Information:
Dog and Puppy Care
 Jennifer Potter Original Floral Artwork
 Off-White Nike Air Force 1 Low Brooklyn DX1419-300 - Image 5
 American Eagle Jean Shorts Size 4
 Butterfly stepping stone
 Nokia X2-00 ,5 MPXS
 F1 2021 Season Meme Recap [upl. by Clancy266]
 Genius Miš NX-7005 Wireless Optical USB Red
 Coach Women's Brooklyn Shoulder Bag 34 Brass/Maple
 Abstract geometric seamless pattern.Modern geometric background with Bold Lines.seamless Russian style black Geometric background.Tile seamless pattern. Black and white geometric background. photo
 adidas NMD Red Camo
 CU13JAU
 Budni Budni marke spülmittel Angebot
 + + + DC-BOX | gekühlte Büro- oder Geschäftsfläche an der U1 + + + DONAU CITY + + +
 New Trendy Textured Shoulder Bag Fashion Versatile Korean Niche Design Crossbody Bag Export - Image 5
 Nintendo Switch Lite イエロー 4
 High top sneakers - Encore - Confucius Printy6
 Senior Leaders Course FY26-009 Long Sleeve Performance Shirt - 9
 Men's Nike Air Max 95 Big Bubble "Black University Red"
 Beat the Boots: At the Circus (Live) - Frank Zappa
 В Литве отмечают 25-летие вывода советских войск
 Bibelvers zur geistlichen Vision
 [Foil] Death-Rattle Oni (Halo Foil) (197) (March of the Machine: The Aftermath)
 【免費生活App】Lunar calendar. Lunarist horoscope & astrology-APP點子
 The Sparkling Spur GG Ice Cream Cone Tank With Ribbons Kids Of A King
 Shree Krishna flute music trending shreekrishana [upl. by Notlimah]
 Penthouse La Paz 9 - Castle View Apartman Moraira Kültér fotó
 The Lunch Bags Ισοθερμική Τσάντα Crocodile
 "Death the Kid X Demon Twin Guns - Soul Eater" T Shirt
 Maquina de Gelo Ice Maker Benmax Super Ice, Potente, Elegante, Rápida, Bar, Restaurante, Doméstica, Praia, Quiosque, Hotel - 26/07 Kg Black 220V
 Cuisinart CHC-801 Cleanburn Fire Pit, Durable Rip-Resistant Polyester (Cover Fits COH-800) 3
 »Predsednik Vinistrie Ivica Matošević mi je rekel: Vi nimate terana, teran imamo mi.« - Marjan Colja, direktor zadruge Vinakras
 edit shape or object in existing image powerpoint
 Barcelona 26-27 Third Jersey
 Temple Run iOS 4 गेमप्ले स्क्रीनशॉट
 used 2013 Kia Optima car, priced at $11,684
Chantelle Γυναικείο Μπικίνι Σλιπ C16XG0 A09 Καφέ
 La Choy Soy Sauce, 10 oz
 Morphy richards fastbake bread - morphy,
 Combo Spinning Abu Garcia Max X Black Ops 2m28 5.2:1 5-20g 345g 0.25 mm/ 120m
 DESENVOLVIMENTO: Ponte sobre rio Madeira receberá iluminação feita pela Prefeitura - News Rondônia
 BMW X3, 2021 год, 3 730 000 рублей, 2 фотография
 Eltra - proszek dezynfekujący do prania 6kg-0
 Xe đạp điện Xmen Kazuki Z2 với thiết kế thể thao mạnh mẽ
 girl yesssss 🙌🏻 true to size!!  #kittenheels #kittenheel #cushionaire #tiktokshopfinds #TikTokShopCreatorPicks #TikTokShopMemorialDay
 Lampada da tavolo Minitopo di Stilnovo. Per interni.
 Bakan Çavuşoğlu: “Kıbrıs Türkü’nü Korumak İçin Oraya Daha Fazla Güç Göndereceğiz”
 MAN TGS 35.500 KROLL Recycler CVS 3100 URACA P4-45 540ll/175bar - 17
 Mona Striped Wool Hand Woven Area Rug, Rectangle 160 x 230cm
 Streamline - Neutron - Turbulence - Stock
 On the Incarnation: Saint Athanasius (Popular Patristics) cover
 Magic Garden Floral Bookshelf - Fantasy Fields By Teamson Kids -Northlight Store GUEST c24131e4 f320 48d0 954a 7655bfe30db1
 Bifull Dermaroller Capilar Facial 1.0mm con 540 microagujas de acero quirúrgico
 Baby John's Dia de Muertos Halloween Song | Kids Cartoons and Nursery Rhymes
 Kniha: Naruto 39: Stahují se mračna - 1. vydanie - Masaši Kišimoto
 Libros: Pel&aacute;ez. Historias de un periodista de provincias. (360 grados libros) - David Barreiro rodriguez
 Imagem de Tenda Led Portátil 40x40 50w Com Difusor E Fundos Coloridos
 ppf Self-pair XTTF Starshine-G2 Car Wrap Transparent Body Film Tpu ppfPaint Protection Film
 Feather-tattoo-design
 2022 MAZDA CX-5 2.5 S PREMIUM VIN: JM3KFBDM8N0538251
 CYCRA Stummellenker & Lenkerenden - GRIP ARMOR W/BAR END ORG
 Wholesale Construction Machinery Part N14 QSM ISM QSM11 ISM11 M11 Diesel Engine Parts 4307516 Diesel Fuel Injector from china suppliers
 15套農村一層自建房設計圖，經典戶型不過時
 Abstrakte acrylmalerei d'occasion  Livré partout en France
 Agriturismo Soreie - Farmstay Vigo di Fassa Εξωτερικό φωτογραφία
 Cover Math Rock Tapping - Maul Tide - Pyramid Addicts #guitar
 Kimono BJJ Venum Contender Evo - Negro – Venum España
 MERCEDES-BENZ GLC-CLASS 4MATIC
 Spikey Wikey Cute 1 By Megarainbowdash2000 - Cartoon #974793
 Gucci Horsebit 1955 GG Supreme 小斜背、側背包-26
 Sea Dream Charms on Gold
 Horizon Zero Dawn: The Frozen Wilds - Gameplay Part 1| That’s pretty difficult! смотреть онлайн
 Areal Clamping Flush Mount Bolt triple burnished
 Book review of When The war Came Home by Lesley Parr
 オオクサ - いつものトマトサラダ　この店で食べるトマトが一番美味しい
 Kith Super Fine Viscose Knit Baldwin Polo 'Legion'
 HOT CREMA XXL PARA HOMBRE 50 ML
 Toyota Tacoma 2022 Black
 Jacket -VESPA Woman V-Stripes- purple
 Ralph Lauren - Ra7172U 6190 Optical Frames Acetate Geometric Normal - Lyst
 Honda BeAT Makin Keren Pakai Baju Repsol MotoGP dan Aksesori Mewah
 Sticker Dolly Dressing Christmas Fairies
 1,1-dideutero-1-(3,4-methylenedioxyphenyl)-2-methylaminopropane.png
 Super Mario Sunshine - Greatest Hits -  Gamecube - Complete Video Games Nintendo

Task directions: Output every record above, exactly as written.

Result of this exercise:
Dog and Puppy Care
 Jennifer Potter Original Floral Artwork
 Off-White Nike Air Force 1 Low Brooklyn DX1419-300 - Image 5
 American Eagle Jean Shorts Size 4
 Butterfly stepping stone
 Nokia X2-00 ,5 MPXS
 F1 2021 Season Meme Recap [upl. by Clancy266]
 Genius Miš NX-7005 Wireless Optical USB Red
 Coach Women's Brooklyn Shoulder Bag 34 Brass/Maple
 Abstract geometric seamless pattern.Modern geometric background with Bold Lines.seamless Russian style black Geometric background.Tile seamless pattern. Black and white geometric background. photo
 adidas NMD Red Camo
 CU13JAU
 Budni Budni marke spülmittel Angebot
 + + + DC-BOX | gekühlte Büro- oder Geschäftsfläche an der U1 + + + DONAU CITY + + +
 New Trendy Textured Shoulder Bag Fashion Versatile Korean Niche Design Crossbody Bag Export - Image 5
 Nintendo Switch Lite イエロー 4
 High top sneakers - Encore - Confucius Printy6
 Senior Leaders Course FY26-009 Long Sleeve Performance Shirt - 9
 Men's Nike Air Max 95 Big Bubble "Black University Red"
 Beat the Boots: At the Circus (Live) - Frank Zappa
 В Литве отмечают 25-летие вывода советских войск
 Bibelvers zur geistlichen Vision
 [Foil] Death-Rattle Oni (Halo Foil) (197) (March of the Machine: The Aftermath)
 【免費生活App】Lunar calendar. Lunarist horoscope & astrology-APP點子
 The Sparkling Spur GG Ice Cream Cone Tank With Ribbons Kids Of A King
 Shree Krishna flute music trending shreekrishana [upl. by Notlimah]
 Penthouse La Paz 9 - Castle View Apartman Moraira Kültér fotó
 The Lunch Bags Ισοθερμική Τσάντα Crocodile
 "Death the Kid X Demon Twin Guns - Soul Eater" T Shirt
 Maquina de Gelo Ice Maker Benmax Super Ice, Potente, Elegante, Rápida, Bar, Restaurante, Doméstica, Praia, Quiosque, Hotel - 26/07 Kg Black 220V
 Cuisinart CHC-801 Cleanburn Fire Pit, Durable Rip-Resistant Polyester (Cover Fits COH-800) 3
 »Predsednik Vinistrie Ivica Matošević mi je rekel: Vi nimate terana, teran imamo mi.« - Marjan Colja, direktor zadruge Vinakras
 edit shape or object in existing image powerpoint
 Barcelona 26-27 Third Jersey
 Temple Run iOS 4 गेमप्ले स्क्रीनशॉट
 used 2013 Kia Optima car, priced at $11,684
Chantelle Γυναικείο Μπικίνι Σλιπ C16XG0 A09 Καφέ
 La Choy Soy Sauce, 10 oz
 Morphy richards fastbake bread - morphy,
 Combo Spinning Abu Garcia Max X Black Ops 2m28 5.2:1 5-20g 345g 0.25 mm/ 120m
 DESENVOLVIMENTO: Ponte sobre rio Madeira receberá iluminação feita pela Prefeitura - News Rondônia
 BMW X3, 2021 год, 3 730 000 рублей, 2 фотография
 Eltra - proszek dezynfekujący do prania 6kg-0
 Xe đạp điện Xmen Kazuki Z2 với thiết kế thể thao mạnh mẽ
 girl yesssss 🙌🏻 true to size!!  #kittenheels #kittenheel #cushionaire #tiktokshopfinds #TikTokShopCreatorPicks #TikTokShopMemorialDay
 Lampada da tavolo Minitopo di Stilnovo. Per interni.
 Bakan Çavuşoğlu: “Kıbrıs Türkü’nü Korumak İçin Oraya Daha Fazla Güç Göndereceğiz”
 MAN TGS 35.500 KROLL Recycler CVS 3100 URACA P4-45 540ll/175bar - 17
 Mona Striped Wool Hand Woven Area Rug, Rectangle 160 x 230cm
 Streamline - Neutron - Turbulence - Stock
 On the Incarnation: Saint Athanasius (Popular Patristics) cover
 Magic Garden Floral Bookshelf - Fantasy Fields By Teamson Kids -Northlight Store GUEST c24131e4 f320 48d0 954a 7655bfe30db1
 Bifull Dermaroller Capilar Facial 1.0mm con 540 microagujas de acero quirúrgico
 Baby John's Dia de Muertos Halloween Song | Kids Cartoons and Nursery Rhymes
 Kniha: Naruto 39: Stahují se mračna - 1. vydanie - Masaši Kišimoto
 Libros: Pel&aacute;ez. Historias de un periodista de provincias. (360 grados libros) - David Barreiro rodriguez
 Imagem de Tenda Led Portátil 40x40 50w Com Difusor E Fundos Coloridos
 ppf Self-pair XTTF Starshine-G2 Car Wrap Transparent Body Film Tpu ppfPaint Protection Film
 Feather-tattoo-design
 2022 MAZDA CX-5 2.5 S PREMIUM VIN: JM3KFBDM8N0538251
 CYCRA Stummellenker & Lenkerenden - GRIP ARMOR W/BAR END ORG
 Wholesale Construction Machinery Part N14 QSM ISM QSM11 ISM11 M11 Diesel Engine Parts 4307516 Diesel Fuel Injector from china suppliers
 15套農村一層自建房設計圖，經典戶型不過時
 Abstrakte acrylmalerei d'occasion  Livré partout en France
 Agriturismo Soreie - Farmstay Vigo di Fassa Εξωτερικό φωτογραφία
 Cover Math Rock Tapping - Maul Tide - Pyramid Addicts #guitar
 Kimono BJJ Venum Contender Evo - Negro – Venum España
 MERCEDES-BENZ GLC-CLASS 4MATIC
 Spikey Wikey Cute 1 By Megarainbowdash2000 - Cartoon #974793
 Gucci Horsebit 1955 GG Supreme 小斜背、側背包-26
 Sea Dream Charms on Gold
 Horizon Zero Dawn: The Frozen Wilds - Gameplay Part 1| That’s pretty difficult! смотреть онлайн
 Areal Clamping Flush Mount Bolt triple burnished
 Book review of When The war Came Home by Lesley Parr
 オオクサ - いつものトマトサラダ　この店で食べるトマトが一番美味しい
 Kith Super Fine Viscose Knit Baldwin Polo 'Legion'
 HOT CREMA XXL PARA HOMBRE 50 ML
 Toyota Tacoma 2022 Black
 Jacket -VESPA Woman V-Stripes- purple
 Ralph Lauren - Ra7172U 6190 Optical Frames Acetate Geometric Normal - Lyst
 Honda BeAT Makin Keren Pakai Baju Repsol MotoGP dan Aksesori Mewah
 Sticker Dolly Dressing Christmas Fairies
 1,1-dideutero-1-(3,4-methylenedioxyphenyl)-2-methylaminopropane.png
 Super Mario Sunshine - Greatest Hits -  Gamecube - Complete Video Games Nintendo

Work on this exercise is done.